Eglantine Despres remporte le Prix d’honneur du jury François Chalais 2017

Églantine Despres, en 2e année à l’IEJ Paris, a remporté le Prix d’honneur Jeunes Reporters de François Chalais, catégorie presse écrite, pour son reportage sur le vieillissement des zones rurales en France.

Pourquoi participer au Prix François Chalais ?

Aurélie Bernard, la responsable pédagogique de l’IEJ, nous a fortement incités à participer au concours. C’était une très bonne expérience d’autant que nous avons été très bien encadrés et conseillés par M. Ferrari, notre professeur de presse écrite.

Quel était le sujet de votre article ?

J’ai choisi de parler de la solitude des personnes âgées à la campagne. Pour cela, j’ai pris l’exemple d’une dame que je connais bien, Lucette. Elle a 85 ans et elle vit seule en Champagne Ardennes. Sa situation m’a permis de faire l’état des lieux des zones rurales en France, désertées par les jeunes une fois qu’ils ont l’âge de faire des études et de travailler. Je n’ai pas voulu tomber dans le misérabilisme mais dresser le paysage concret de la situation économique en interviewant également le maire de la ville et une jeune femme originaire de la campagne, partie travailler dans une grande ville.

 

 

Pensiez-vous pouvoir remporter le prix d’honneur ?

J’avais la pression car l’année dernière, le gagnant avait fait un sujet très sérieux sur le Brexit… Moi, je ne suis pas partie à l’étranger, j’ai parlé de ce qui se passait à côté de chez nous. Je ne m’attendais pas non plus à gagner car il y avait de très beaux sujets traités dans ma classe. J’ai été très étonnée mais aussi très contente de recevoir le prix d’honneur.

Pourquoi devenir journaliste ?

Alors que j’étais en colonie de vacances (j’avais 8-9 ans), nous avons simulé l’organisation d’un village. J’étais dans l’équipe en charge de la création d’un journal : nous rapportions toutes les heures les histoires du village. J’ai adoré répandre les informations ! C’est à partir de ce moment-là que j’ai voulu devenir journaliste. Par la suite, j’ai continué à écrire des histoires. A l’époque de Skyblog, j’ai ouvert plusieurs blogs dans lesquels je parlais d’un peu de tout.

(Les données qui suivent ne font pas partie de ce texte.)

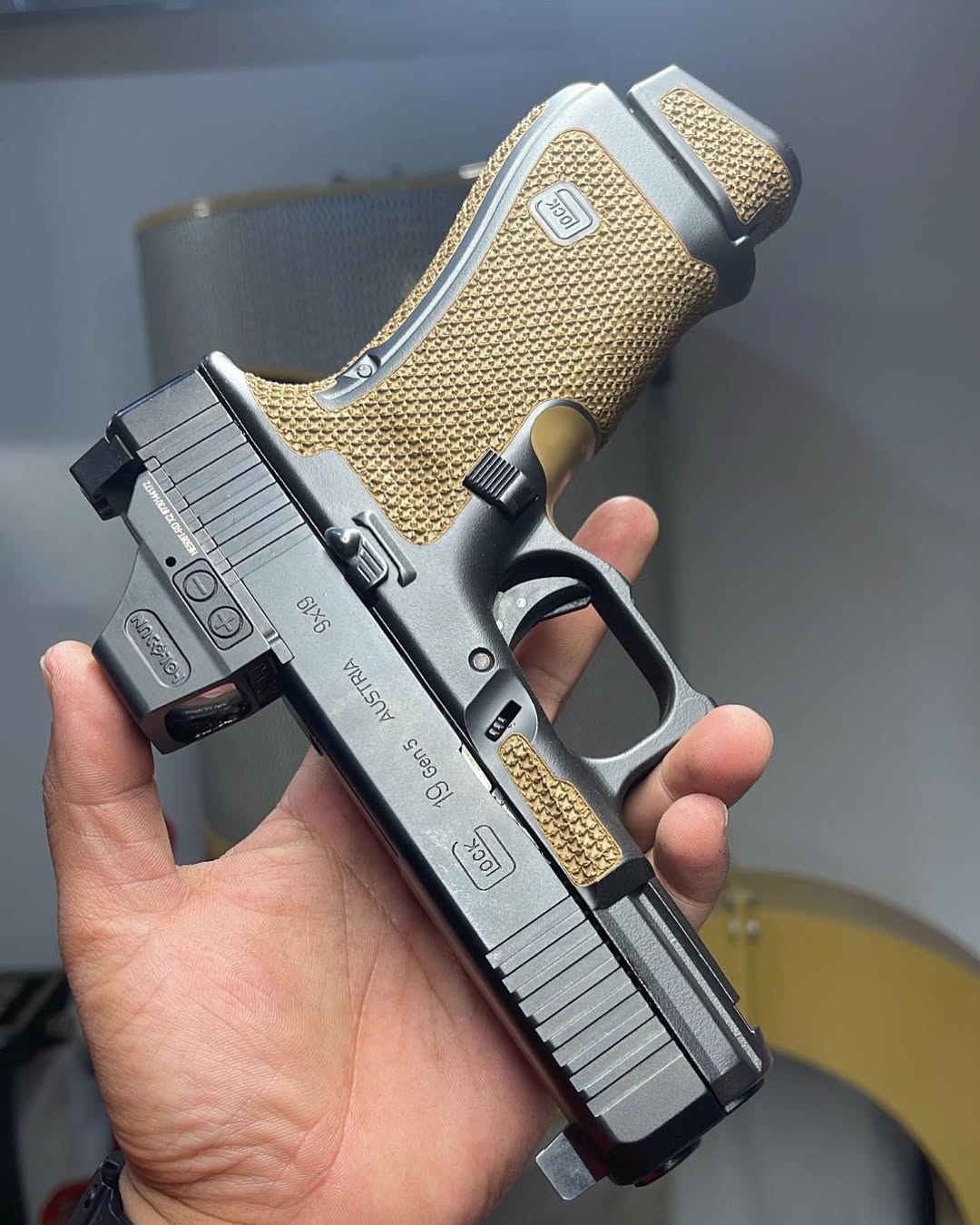 Glock 19 Gen 5 Premium Duty Grade - Image 5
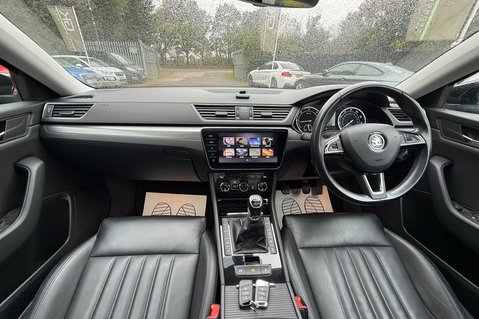 Skoda Superb SE L EXECUTIVE TDI - PANORAMIC SUNROOF  17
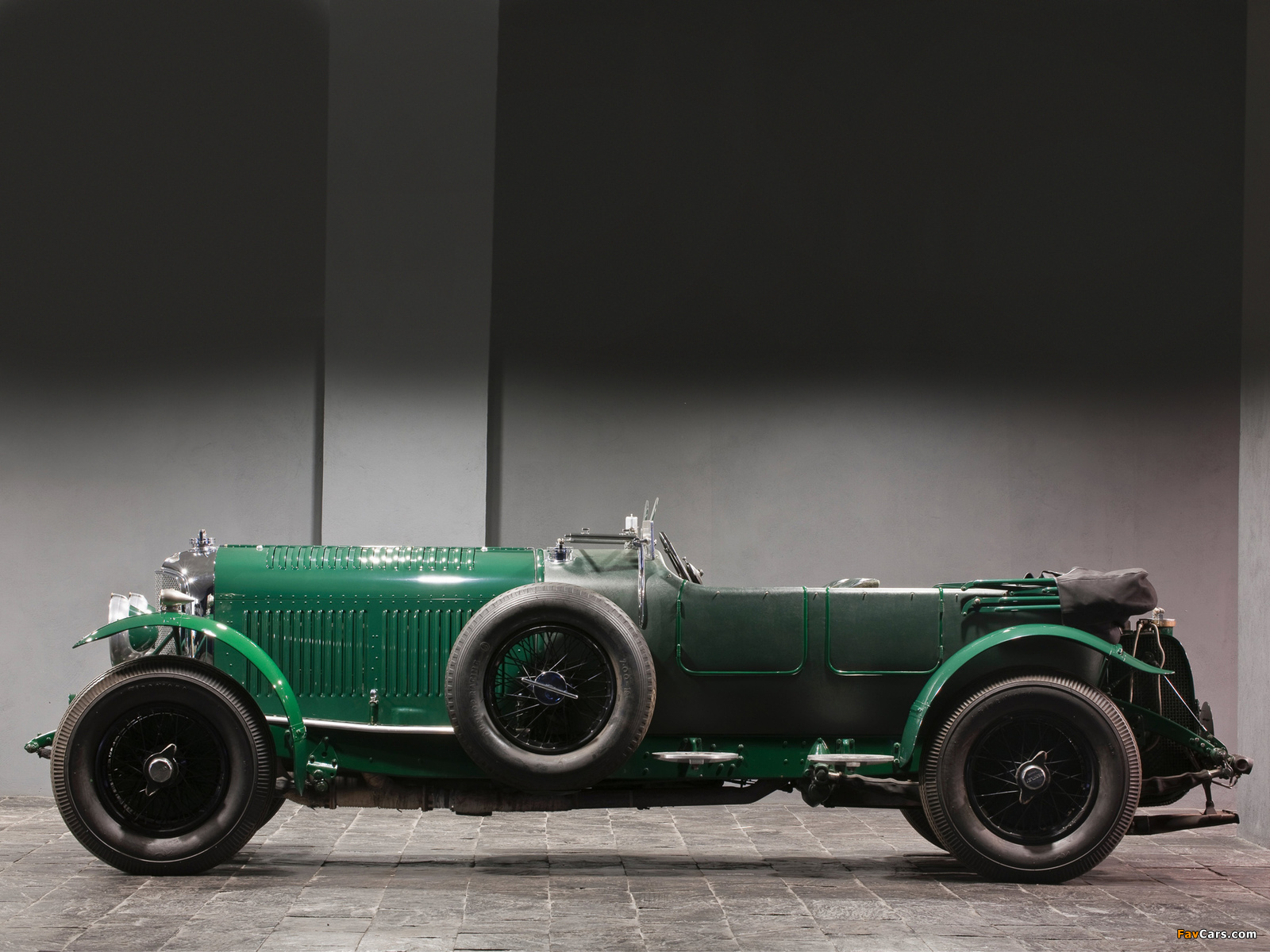 Bentley 8 Litre Tourer 1931 wallpapers (1600 x 1200)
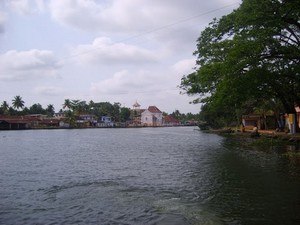 alleppey and nearby tourist places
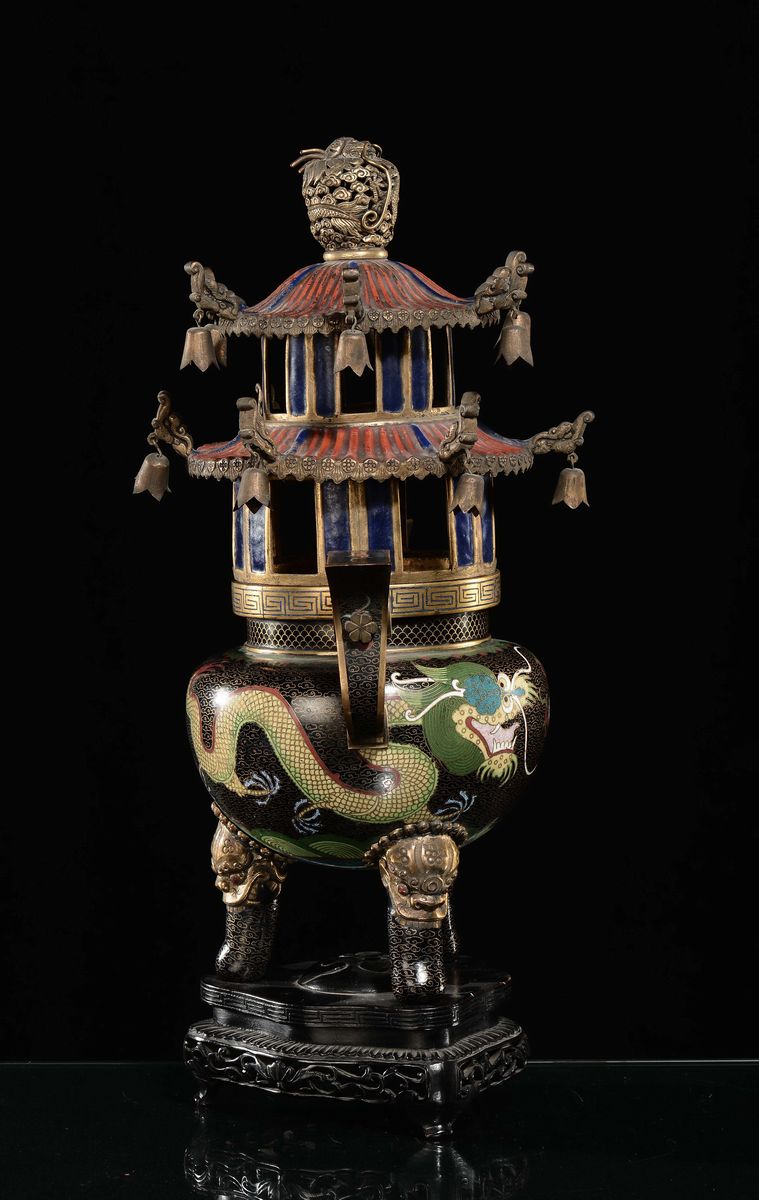 Lanterna Cloisonnè a Forma di Pagoda a Fondo Nero con Draghi, Cina, Dinastia Qing, XIX Secolo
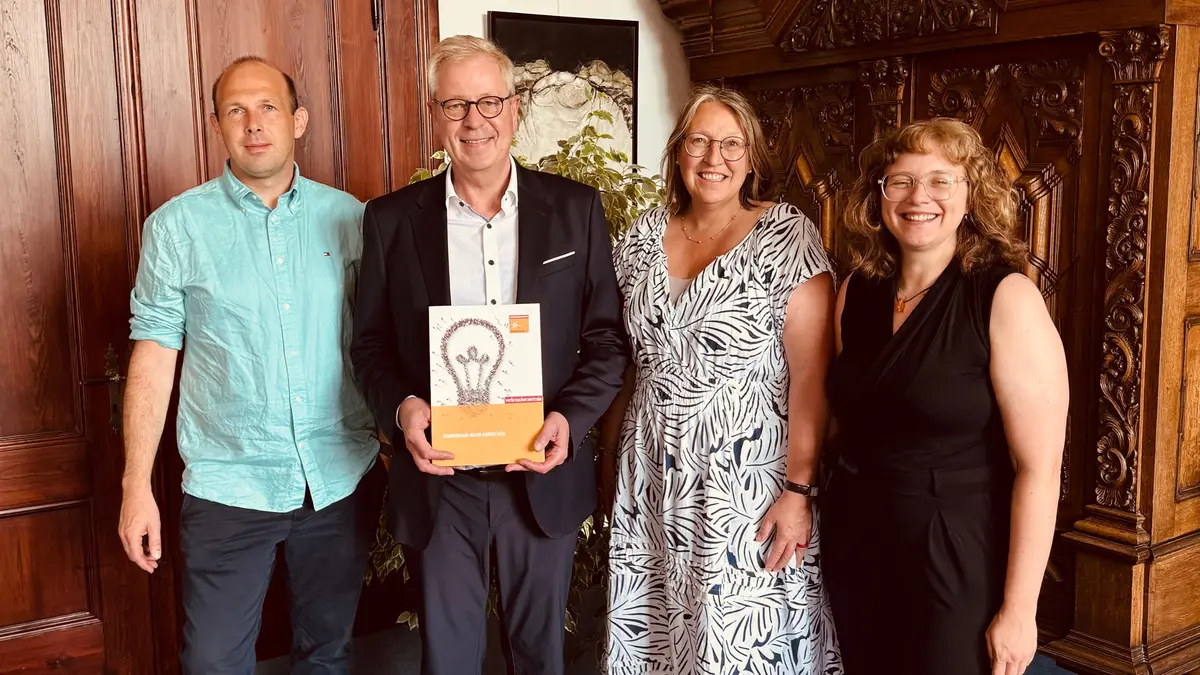 Von links nach rechts: Jan Asbahr (Gebäudeenergieberater - HwK), Claudius Teske (Landrat des Kreises Steinburg), Carina Vogel (Verbraucherzentrale Schleswig-Holstein),
Sandra Ludwigh (Energie- und Klimaschutzbeauftragte des Kreises Steinburg)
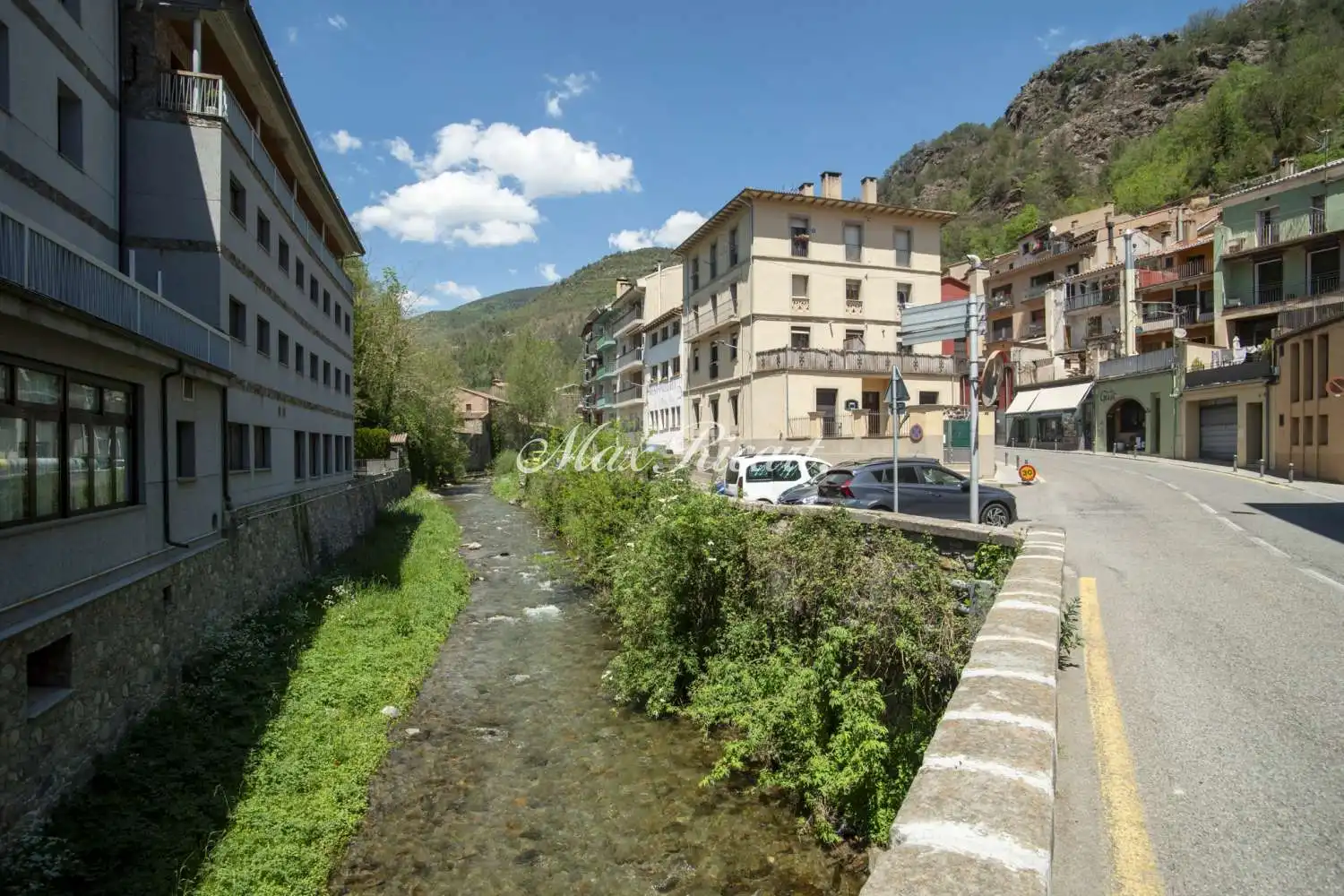 Vista exterior de Edifici en venda en Ribes de Freser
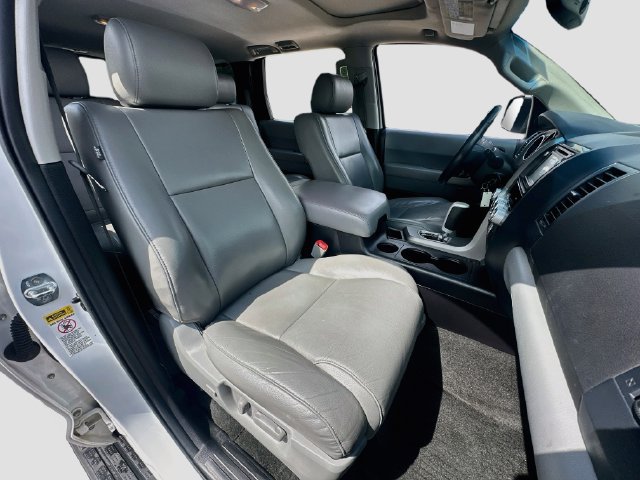Used 2017 Toyota Sequoia Limited AWD/4WD image 31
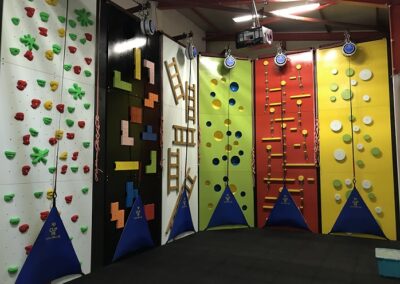 Parkdean Resorts – Climbing walls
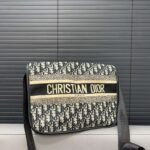 DIOR Embroidered shoulder crossbody bag - Image 7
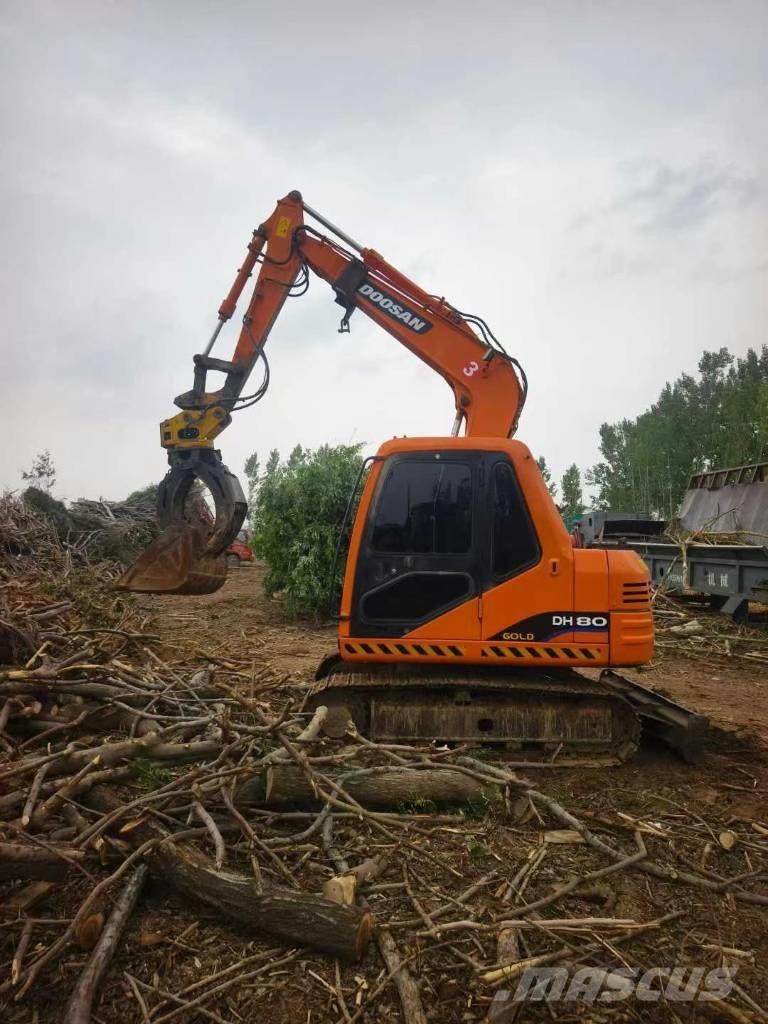 Doosan DH 80 Roomikekskavaatorid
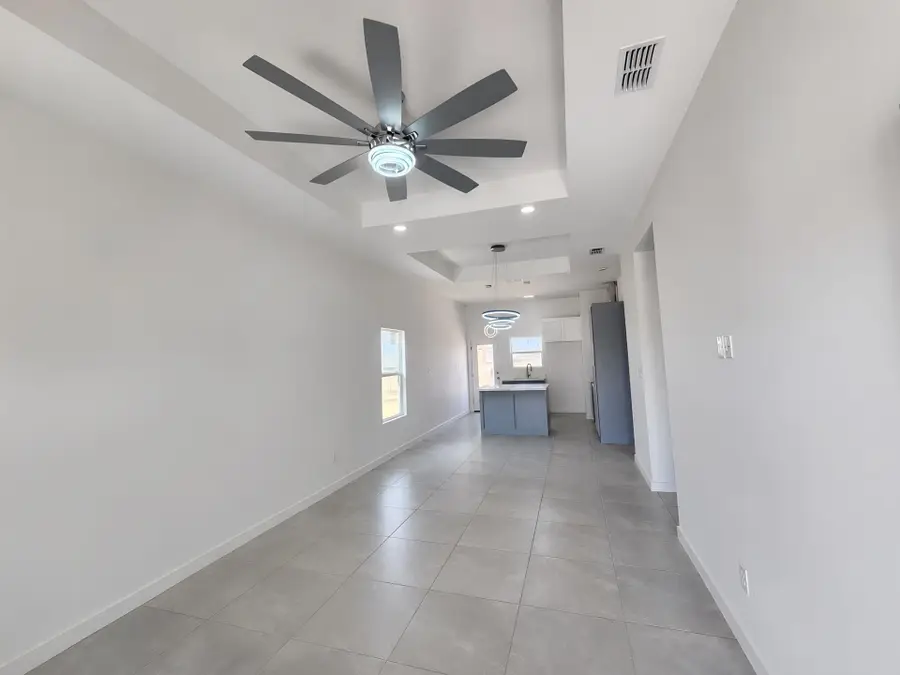 5208 Curuba Dr., Laredo, TX 78046 - #2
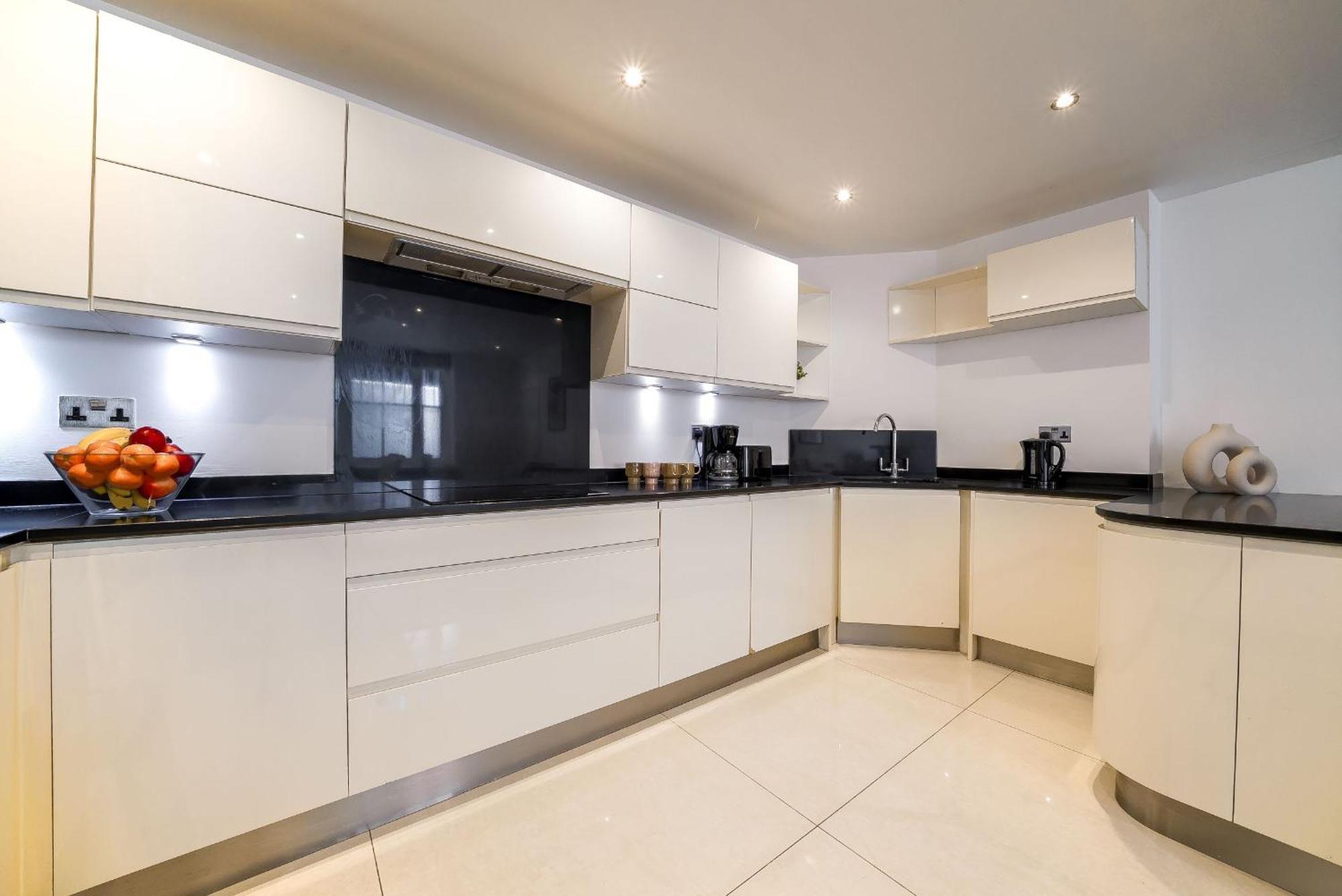 Notting Hill & Hyde Park - 2Br - Cityapartmentstay London Eksteriør billede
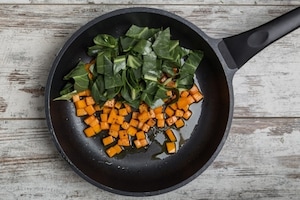 Preparazione Empanadas al forno con zucca e bietole - Fase 2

Comment avez-vous intégré l’IEJ ?

Après le baccalauréat, on m’a conseillé de faire une licence de droit pour intégrer une école de journalisme à bac+3. Mais le système universitaire ne m’a pas du tout plu. J’ai alors pris une année sabbatique pour faire de l’animation. J’avais besoin de voir le fruit de mon travail. Puis, j’ai découvert sur Internet l’IEJ. L’école m’a plu car elle me permettait à la fois d’apprendre et de produire. C’était aussi la première fois que je voyais une équipe pédagogique aussi à l’écoute des étudiants, toujours prête à les encourager et à les soutenir. C’est rare !

Un conseil pour ceux qui souhaiteraient se lancer dans le journalisme ?

Je trouve que l’on se met — en règle générale, et moi la première — beaucoup trop de barrières pour écrire. Si vous avez envie d’écrire, lâchez-vous, écrivez les choses comme elles vous viennent. La trame de l’article viendra plus tard.